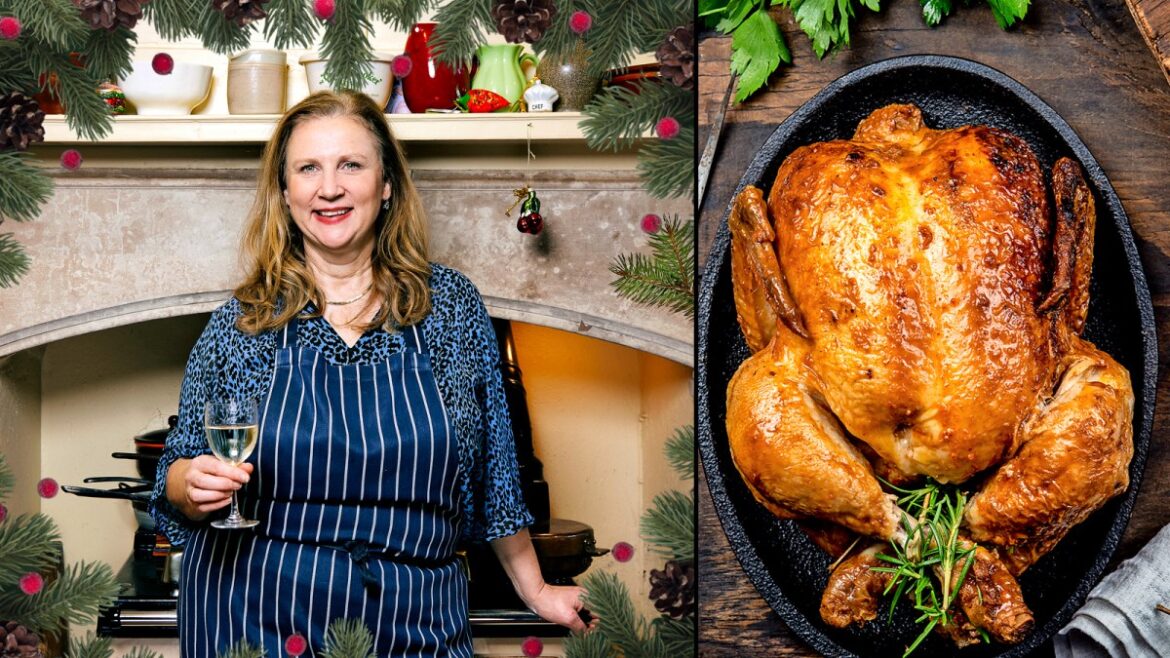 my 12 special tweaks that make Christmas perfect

* * *

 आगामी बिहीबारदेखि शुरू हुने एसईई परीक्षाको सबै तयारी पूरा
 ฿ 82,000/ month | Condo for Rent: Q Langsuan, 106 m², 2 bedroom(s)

--

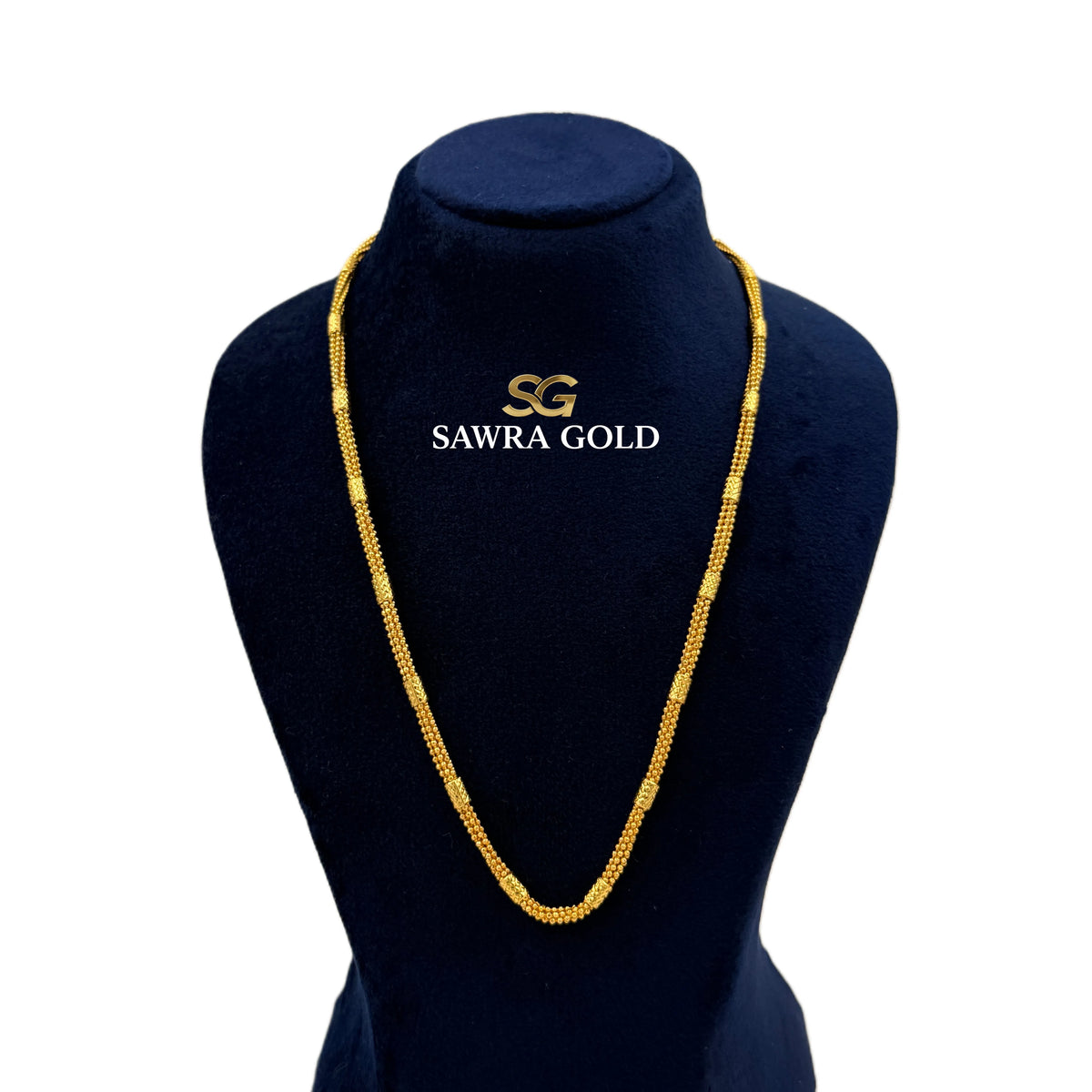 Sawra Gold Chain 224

EXERCISE REQUIREMENTS
Of the lines above, extract only those from the line with "आगामी बिहीबारदेखि शुरू" to the line with "m², 2 bedroom(s)", both included, exactly as written.

OUTPUT FOR THIS EXERCISE
 आगामी बिहीबारदेखि शुरू हुने एसईई परीक्षाको सबै तयारी पूरा
 ฿ 82,000/ month | Condo for Rent: Q Langsuan, 106 m², 2 bedroom(s)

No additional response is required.